Saturday, January 21, 2012

Got Worms?

I had so much fun coming up with a title for this post that I got lost for a few days in considering all the possibilities. A Thousand Splendid Worms. The Lord of the Worms. Nobody Likes Me, Everybody Hates Me, Guess I Should Buy Some Worms.

You get the point. My new creepy, little friends have been much on my mind. The other benefit of waiting a week to write this post is that I will be explaining about vermicomposting with much less “Ewww... Ewww... Freaking Ewww...” Yes, I am in recovery from my deep sense that owning worms might lead me to starring in one of those awful bug movies where the creatures overtake the house while I am sleeping.


And really, maybe this post isn’t so much about worms as it is about dirt. Good dirt. The best of all possible dirt. Now, we know I am no expert gardener (but just you wait), but everything I read talks about the quality of the soil, the accurate mixes of soil to grow with (according to Mel of Square Foot Gardening fame, that would be blended compost, peat moss, and coarse vermiculite). The first of the triad of great growing amazement is compost, and that is something that each and every one of us can have without spending any additional money.

Compost is [according to fabulous Wikipedia] organic matter that has been decomposed and recycled as a fertilizer or soil amendment.” And organic matter includes things like lettuce that we cut off before using, leaves that are collected in the fall, coffee grounds, and a very long list of other things. Just by placing the above items in a pile in the backyard, we can have compost. However, I elected to buy a composting bin for outside to cut down on the chance of extra critters availing themselves of the compost (and vexing my pups in the process). And inside, I now have my very own Can O’ Worms, as vermicomposting is another great way to get excellent compost.

C
omposting also benefits the environment in many ways, including decreasing the amount of methane and leachate created by landfills (look at the EPA site for more information on the benefits) and thereby decreasing greenhouse gasses.

So, those are the whys, now for the pics that prove that I am growing as a person.

The picture on the right shows the bag lurking in front of my front door, containing a box filled with red wriggler worms.

My two assistants (left) were called in to provide moral support in my new undertaking. What they are looking at and smelling is the coconut fiber bedding that expanded from a block that I submerged in water. It actually smelled pretty good.

Then, I gained the courage (right) to opened the box and the inner bag that was thankfully not showing much movement. If it had, I was prepared to make a run for it (or call in my dogs, see Aggie over my shoulder waiting to be tagged in).

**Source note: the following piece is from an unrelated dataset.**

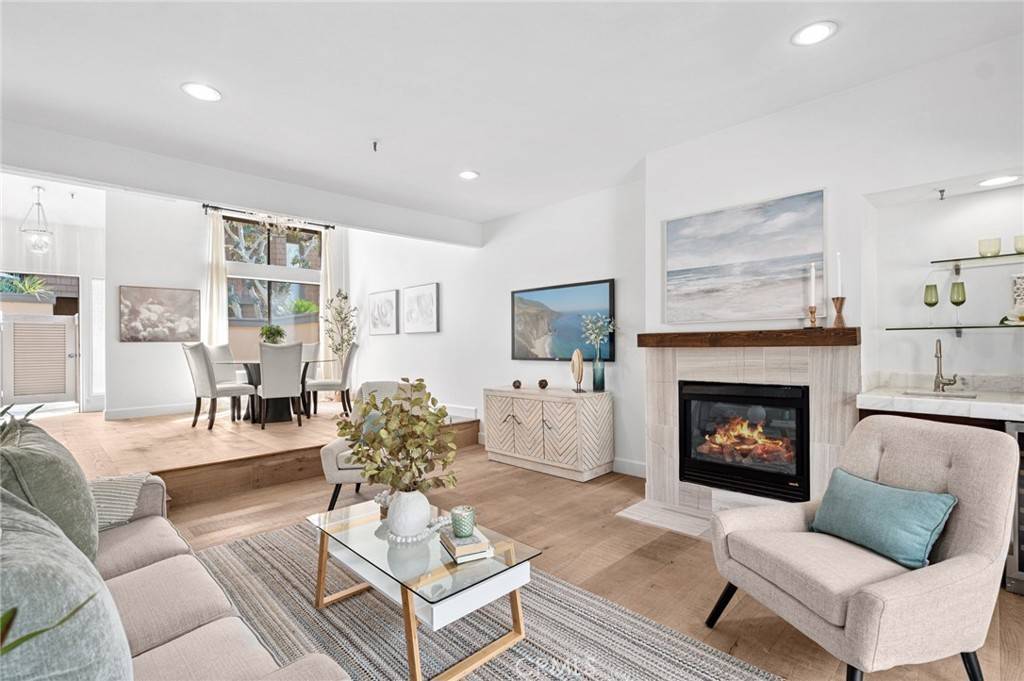 Newport Beach, CA 92660,49 Canyon Island DR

At the moment of my greatest need (left), it was wonderful that my assistants were there for me, showing courage and dedication like the small warriors they are. Or perhaps they were squealing and availing themselves of the only high ground they could find.

I then poured out the contents of the worm bag (right), which mostly looked like dirt, not 1000 worms waiting to devour me or some lettuce. Because they were away from water for four days during the shipping process, they started out lethargic (which made them much less scary). The first instruction after getting their living space together was to add water and a wet worm blanket.

Water. A wet worm blanket. And a pat. Yup, I welcomed the little critters into my home and they are creeping me out much less as each day passes. I gave them lettuce after a couple days to settle in and I have noticed it getting smaller. The trick is to figure out the right amount to feed them to keep them happy but not to overfeed them as that will cause the unpleasant smell of decomposing food.

I'll be reporting on their progress, as well as the progress of my outside composting bin. It might seem weird to have worms in our houses, but if this adventure gives me a garden full of great food to eat and helps out the planet just a little bit, then it is more than worth it.

2 comments:

  1. Speechless. Really. Don't know what to say. Do your dogs stay out of that? Is there a lid?

    ReplyDelete
  2. I was helping my grandma weed her garden as a little girl and squealing over the worms and she was quick to inform me that worms were a garden's best friend.